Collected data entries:
'''
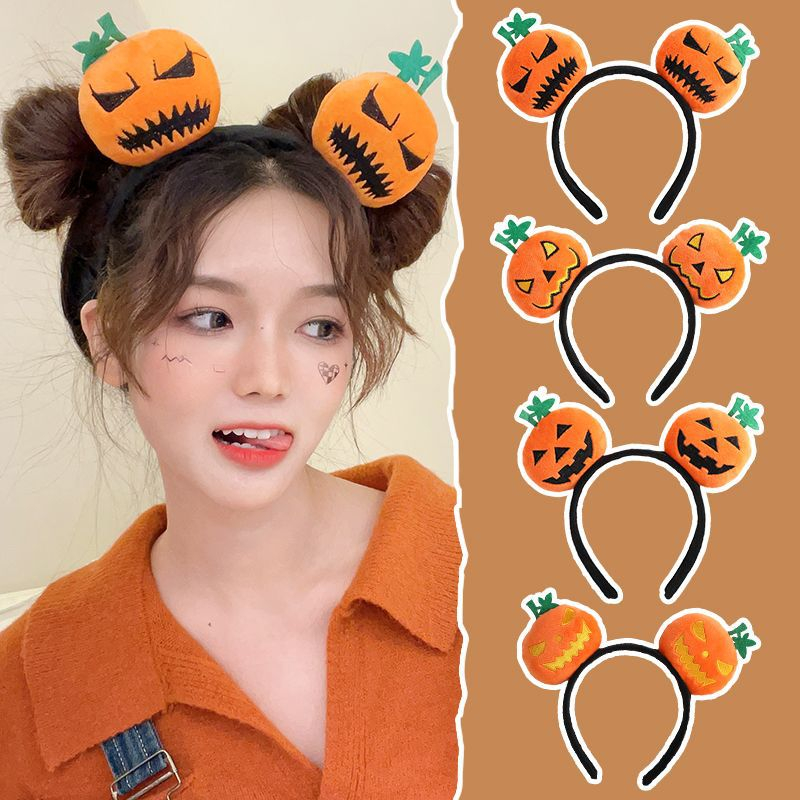 Cài tóc quả bí đỏ - bờm bí ngô dễ thương cosplay, halloween, cài tóc hóa trang xinh xắn - băng đô rửa mặt - Selenshop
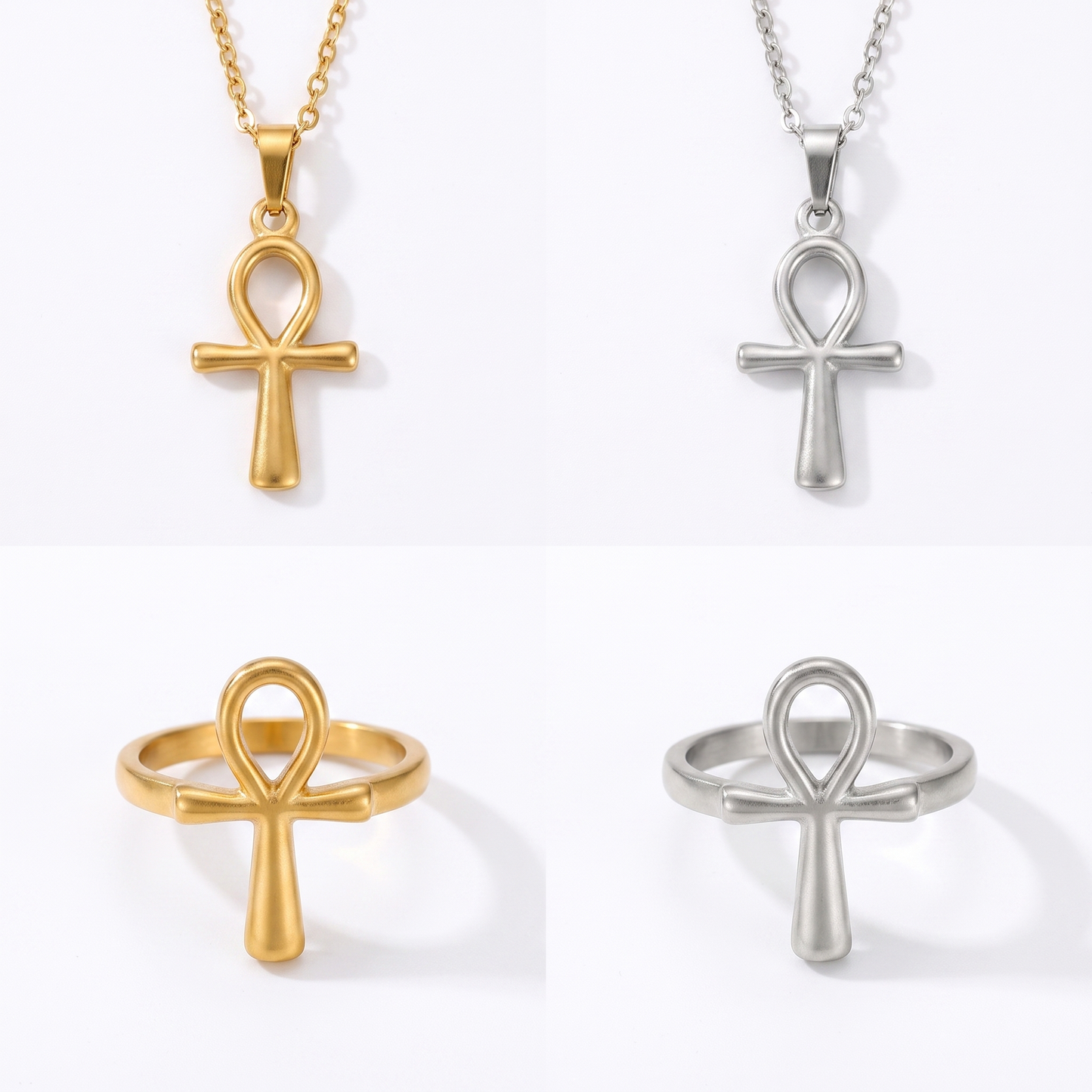 Ankh pendants and rings shown in available styles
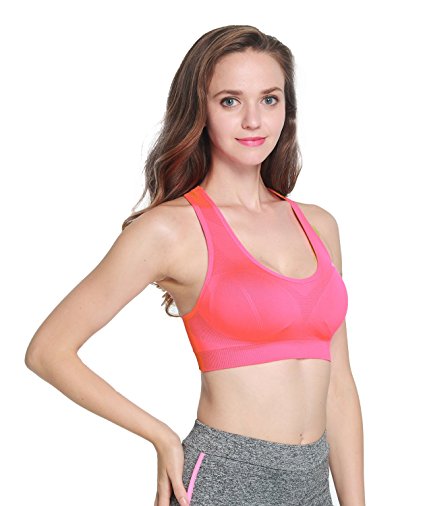 MISSALOE Women’s Seamless Sports Bras with Removable Cups High Impact Yoga Bra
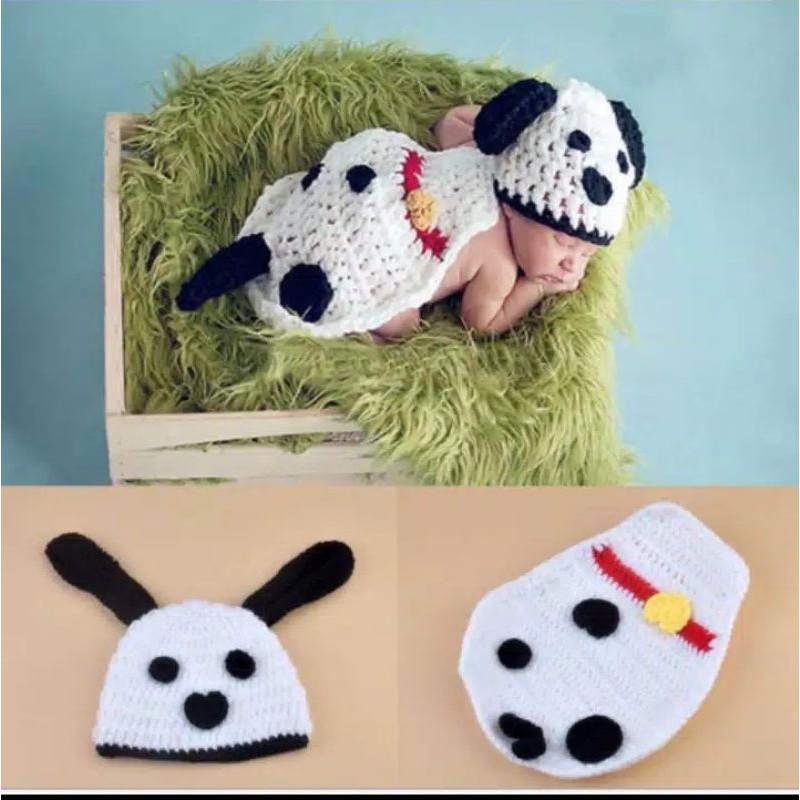 kostum bayi doggy/ kostum bayi anjing/ kostum baju rajut bayi/ kostum baby/ kostum fotografi bayi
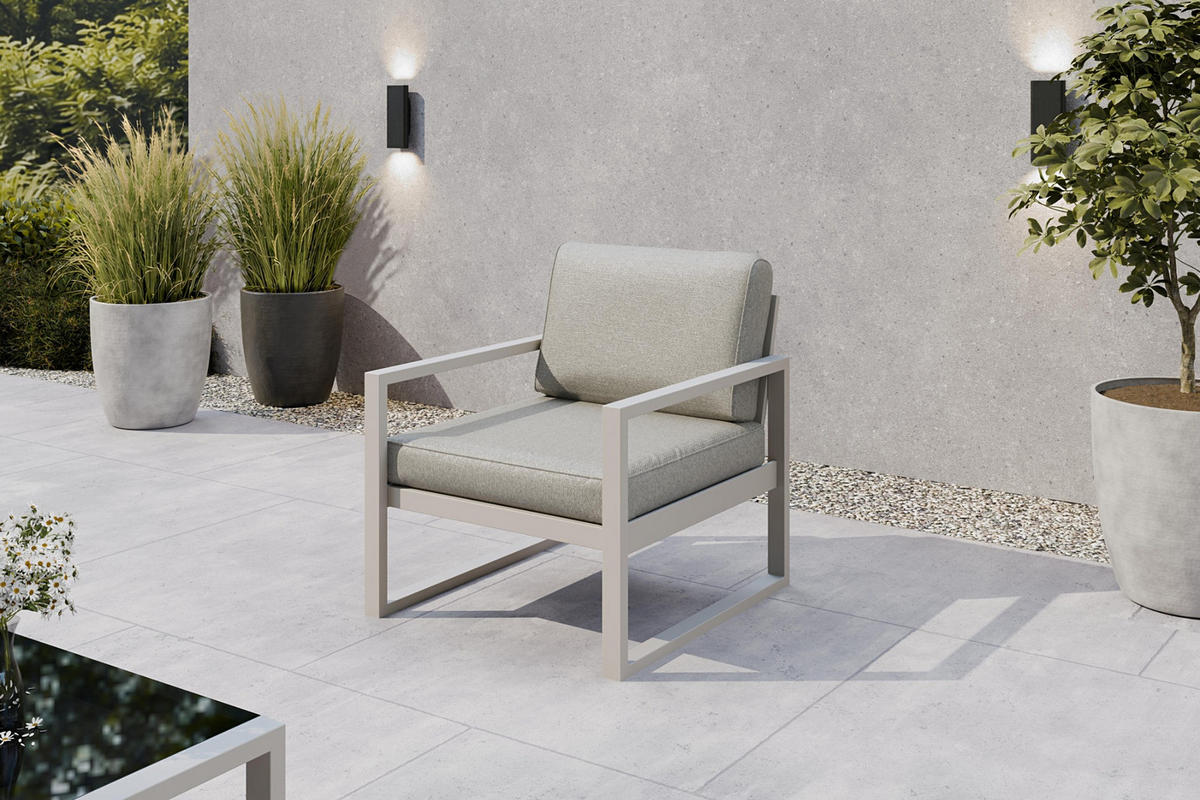 GARTENSET Madera für 6 Personen Balkonmöbel Aluminium Terassenmöbel Sitzbank, 4-tlg. Tisch kaschmir, beige - Kaschmir/Beige, Kunststoff/Metall - Margaret Hadas24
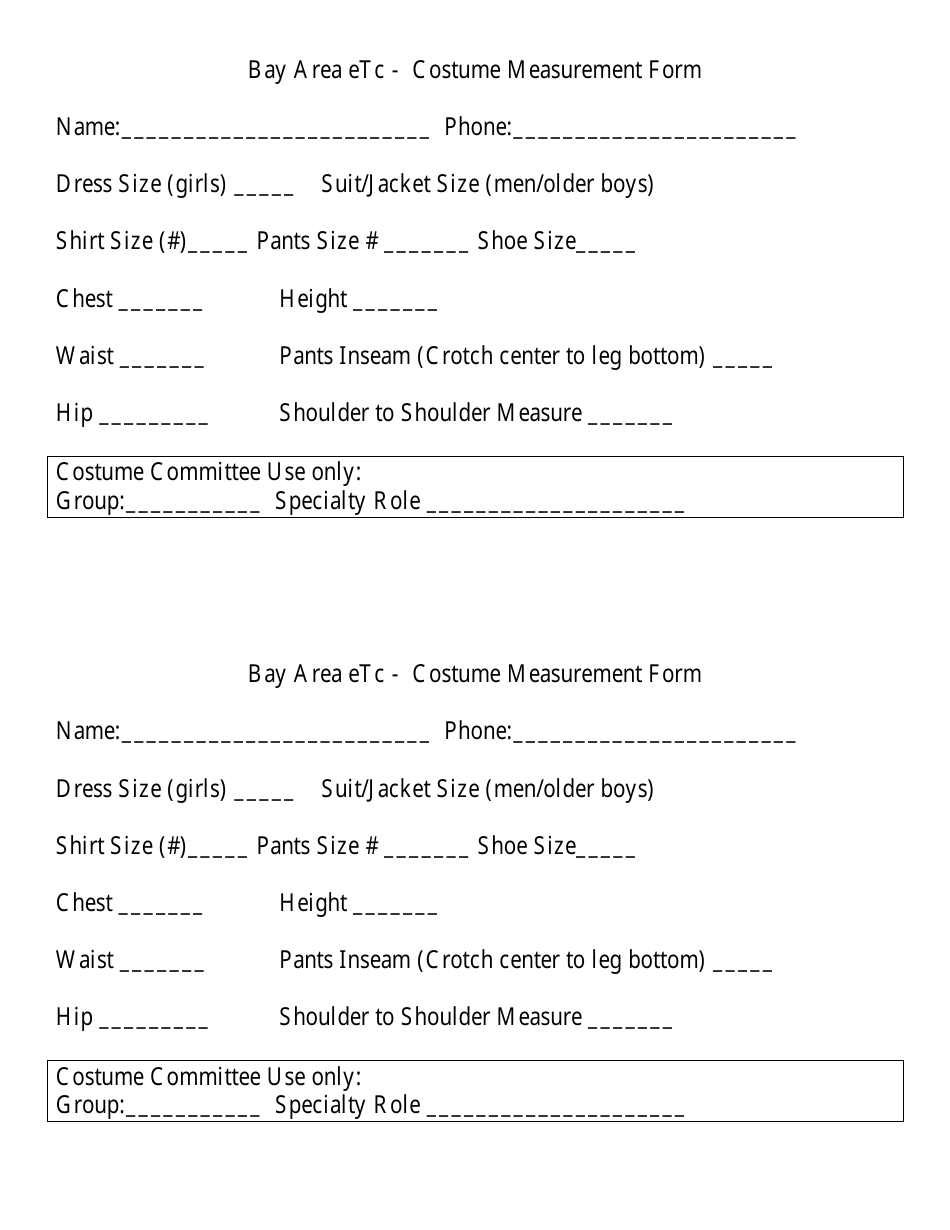 Printable Costume Measurement Form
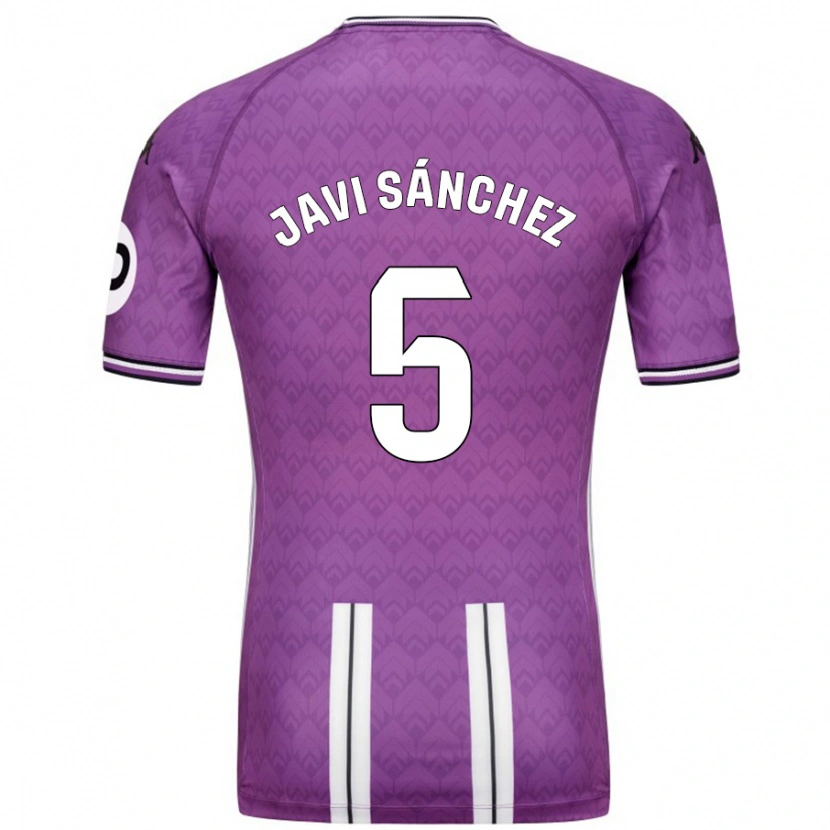 Danxen Mænd Javi Sánchez #5 Lilla Hvid Hjemmebane Spillertrøjer 2024/25 Trøje T-Shirt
'''
### PROBLEM REQUIREMENTS
Leave out the pictures and reproduce the rest of the records exactly.

### SOLUTION
 Cài tóc quả bí đỏ - bờm bí ngô dễ thương cosplay, halloween, cài tóc hóa trang xinh xắn - băng đô rửa mặt - Selenshop
 Ankh pendants and rings shown in available styles
 MISSALOE Women’s Seamless Sports Bras with Removable Cups High Impact Yoga Bra
 kostum bayi doggy/ kostum bayi anjing/ kostum baju rajut bayi/ kostum baby/ kostum fotografi bayi
 GARTENSET Madera für 6 Personen Balkonmöbel Aluminium Terassenmöbel Sitzbank, 4-tlg. Tisch kaschmir, beige - Kaschmir/Beige, Kunststoff/Metall - Margaret Hadas24
 Printable Costume Measurement Form
 Danxen Mænd Javi Sánchez #5 Lilla Hvid Hjemmebane Spillertrøjer 2024/25 Trøje T-Shirt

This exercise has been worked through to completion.